Parnkupirti : Parukuproject
Parnkupirti is located along the border of the Great Sandy Desert in Western Australia and represents rare circumstances where alkaline freshwater meets the arid desert; juxtaposing two very distinct environments (Bowler, Wyrwoll & Lu, 2001; Veth, et al., 2009).
Recent excavations at Parnkupirti have been focussed on assessing the site’s future potential for additional research relating to arid communities in the central and western desert. Evaluation of the regional area an array of past shoreline features signifying periods when the lake area was significantly larger than the present day.
This presence of a freshwater ecosystem with an abundance of birds, mussels and fish, set with the adjacent dunes makes it highly probable that Parnkupirti was heavily exploited by hunter-gatherer communities (Veth, et al., 2009).
It can, therefore, be argued to hold significant amounts of archaeological data that will contribute to our understandings of Australian desert communities.

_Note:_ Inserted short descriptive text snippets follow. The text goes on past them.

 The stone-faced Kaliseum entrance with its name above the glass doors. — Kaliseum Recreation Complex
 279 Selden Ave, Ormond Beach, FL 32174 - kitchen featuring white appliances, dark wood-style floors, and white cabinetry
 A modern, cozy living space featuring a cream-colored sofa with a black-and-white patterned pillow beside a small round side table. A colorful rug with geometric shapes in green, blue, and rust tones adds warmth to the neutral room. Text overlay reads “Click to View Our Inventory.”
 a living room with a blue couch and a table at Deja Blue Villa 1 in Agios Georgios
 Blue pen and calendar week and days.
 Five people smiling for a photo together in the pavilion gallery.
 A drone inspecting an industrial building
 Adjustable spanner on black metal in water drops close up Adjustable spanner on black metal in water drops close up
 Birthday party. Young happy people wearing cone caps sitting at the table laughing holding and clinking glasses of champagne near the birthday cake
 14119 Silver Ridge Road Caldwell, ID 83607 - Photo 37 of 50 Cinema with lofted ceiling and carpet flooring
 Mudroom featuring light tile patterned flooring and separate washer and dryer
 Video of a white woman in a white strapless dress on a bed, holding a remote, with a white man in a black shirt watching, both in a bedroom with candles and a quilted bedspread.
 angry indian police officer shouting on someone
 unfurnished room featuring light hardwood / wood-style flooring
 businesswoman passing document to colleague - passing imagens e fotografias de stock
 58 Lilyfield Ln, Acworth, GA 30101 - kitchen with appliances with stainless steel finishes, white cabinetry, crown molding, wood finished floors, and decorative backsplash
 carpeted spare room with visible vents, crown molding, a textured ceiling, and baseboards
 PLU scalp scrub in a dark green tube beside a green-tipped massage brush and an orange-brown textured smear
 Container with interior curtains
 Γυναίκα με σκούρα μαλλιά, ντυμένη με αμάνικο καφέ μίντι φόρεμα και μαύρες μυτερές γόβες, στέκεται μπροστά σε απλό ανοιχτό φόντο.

Initial investigations by Veth, et al. (2009) assessed three sites at Parnkupirti, where the stratigraphy of each site gave an indication into the sequential alterations in dynamic fluvial discharges and fluctuations in lake levels.
A richness of stone tool technologies was later assessed from pilot excavations at site three, identifying lithic tools constructed from local chert and quartzite. Veth, et al. (2009) illustrates that this material scatter is of late Holocene age, due to its abundance of tulas and tula slugs. Found in situ within the cobble bed (Unit C), a large silcrete core referred to PKP4-1 has been named the most significant discovery during the 2008 excavations.
Dating using optically stimulated luminescence (OSL), stratigraphic correlations between site two and three confined ages of Unit C to ~40- 50ka (Veth, et al., 2009). By association and the position of PKP4-1 in the cobble bed, it has been estimated that the silcrete core is most likely to be within a ~50-45ka range.
This proves the sites significance as the first evidence of activity within the arid northwest region dating before the Last Glacial Maximum. The preliminary research carried out at Parnkupirti has opened the doors for additional investigation in the area. Findings during this initial study yielded substantial information regarding Pleistocene occupation of western desert communities, where Veth, et al. (2009) has concluded that Lake Gregory will prove to be a ‘northern analogue for the Willandra Lakes’.
The arid desert represents the largest proportion of the continent, where human exploitation of these sites is invaluable to our understandings of early hunter-gatherer populations in Australia. Debates on the conservatism and uniformity of desert life have been challenged by the archaeological assessment at Puntutjarpa, Puritjarra and Parnkupirti. It is now known that hunter-gatherer communities represent highly dynamic populations that have been occupying the central arid zone for over 35 000 years.
These variations correspond to climatic changes that would have directly influenced these hunter-gatherer communities throughout the terminal Pleistocene. In particular, Puntutjarpa offers new insights into the conclusion of multiple reconfigurations of technological, economic and social practices, where recent excavations at Parnkupirti indicate that it offers a richness of archaeological material that has yet to be discovered.
Due to the immense amount of information these sites have already portrayed, additional information would heavily contribute to our understandings of some of the early human communities within Australia. Furthermore, the analysis of desert communities assesses human resilience and ability to adjust economic and social strategies in some of the most environmentally challenging ecosystems on the planet.